Date & Time: 11:30, Thursday, 23rd March
Venue: Room 514, Rankine Building
Abstract
Studying the nature of interface between two dissimilar semiconductors has ever been a complex experimental and theoretical issue. Due to the extremely small thickness of 2D materials, studying the junction involving a 2D layered materials is even more challenging. In this presentation, our recent CAFM and KPFM based experiments on understanding the nature of nanoscale interface formed between Graphene-Si, MoS2-ZnS and CdS-CZTS junctions will be presented. Surface potential changes at the graphene-Si junctions under light conditions have been examined using Kelvin probe force microscopy investigations in surface and junctions configurations. Voc nanoscale maps derived from these measurements show that topographical impurities and wrinkled boundaries on the graphene surface affect junction performance. In a separate study, patterned MoS2 2D layers having feature size varying from 10 um to 1 um have been grown by a combination of stencil lithography and magnetron sputtering technique.
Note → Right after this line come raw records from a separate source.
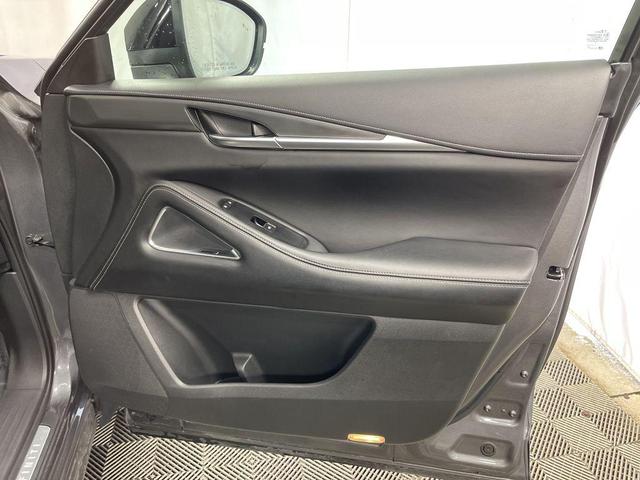 Photo of 2022 Graphite Shadow INFINITI QX60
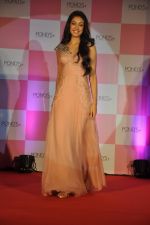 Miss India Navneet Kaur Dhillon unveil POnds BB+ cream in Powai, Mumbai on 26th April 2013 (4).JPG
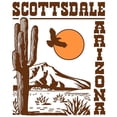 thumbnail image 2 of CafePress - Scottsdale Arizona Mug - 11 oz Ceramic Mug - Novelty Coffee Tea Cup, 2 of 4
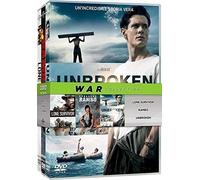 War Collection Unbroken/Rambo 1/Lone Survivor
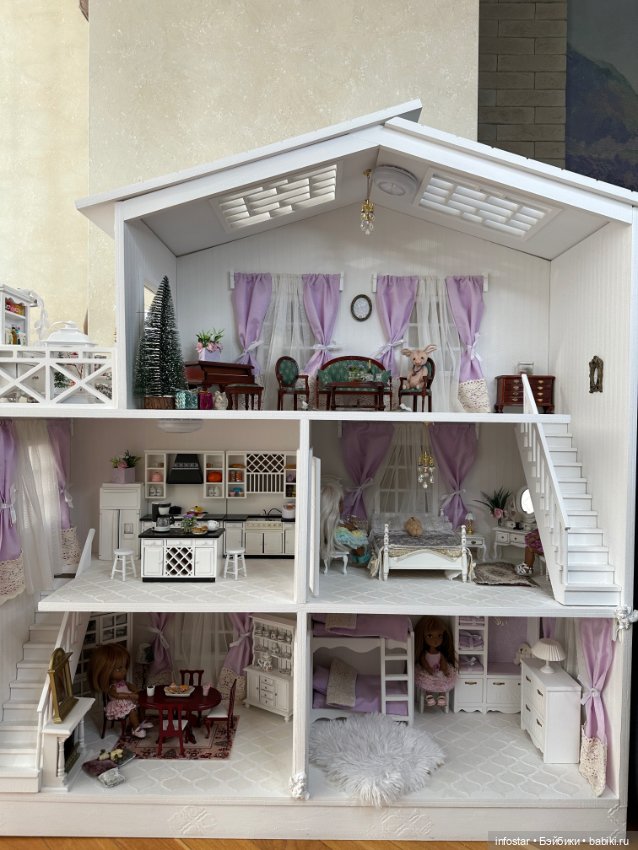 «Теремок» — Куклы Tender Creation (Анна Добрякова): российские BJD (БЖД)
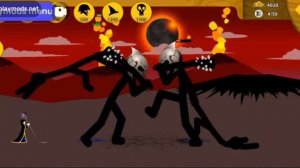 Stick war legacy дикий взлом!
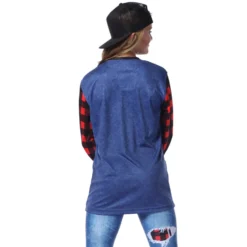 No Regrets Long Sleeve Tee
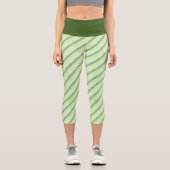 Capri leggings de style carré (Recto)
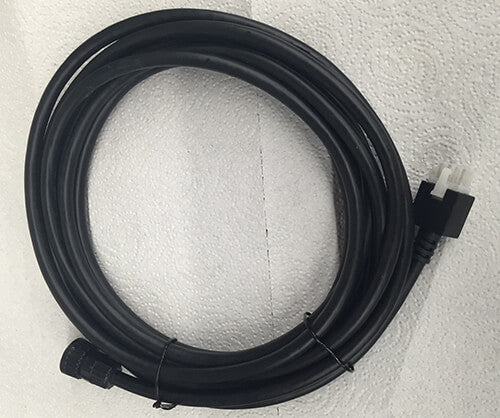 Arnés de cableado SidePower, cable de datos, 5 m para propulsor IP de sep. a unidad PPC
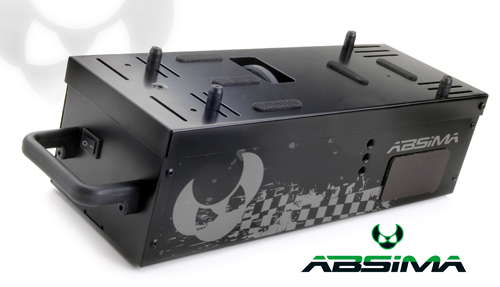 Absima/TeamC Alu Starterbox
Structural, optical and junction properties of composite layers having wide band gap ZnS films and 2D MoS2 layers have been investigated. 2D heterojunction having mono and few layers MoS2 thickness result in high interface photovoltage in comparison to bulk MoS2 layer. KPFM based difference method has been used to observe the nanoscale changes in the junction behaviour at the grain boundaries with respect to crystalline grain in ZnO/CdS/CZTS/Mo device. A direct measurement and nanoscale mapping of an atomically thin junction in the final finished device without any adverse influence of contact layers, adsorbates and surface impurities are some of the important highlights of the present methodology.
Biography
Prof. B. R. Mehta is currently Schlumberger Chair Professor of Semiconductor Physics at Indian Institute of Technology Delhi, New Delhi, India. He is also Institute level Dean of Research and Development. He did his M.Sc. in Physics from Punjabi University Patiala, M. Tech in Solid State Materials and Ph. D in Physics from IIT Delhi. He has worked as post-doctoral fellow at University of British Columbia, Canada; guest scientist at University of Saarbrucken, Germany; and guest professor at University of Duisburg, Germany. His major research interests are; Science and Technology of Thin Films and Nanostructured Materials for Solar Cell, Resistive Memory, Thermoelectric and Gas Sensor Devices. He is the recipient of MRSI Medal (Material Research Society of India, 2002), DAAD Fellowship (Deutscher Akademischer Austausch Dienst, 2000) and Marie Curie International Fellowship (European Commission, 2006) and Material Science Prize of MRS India 2017. He is on the Editorial Board of Journal of Nanoscience and Nanotechnology and has about 200 journal publications. One of his projects-NanoSwitch- has been selected by European Commission as a Success Story project.
First published: 20 March 2017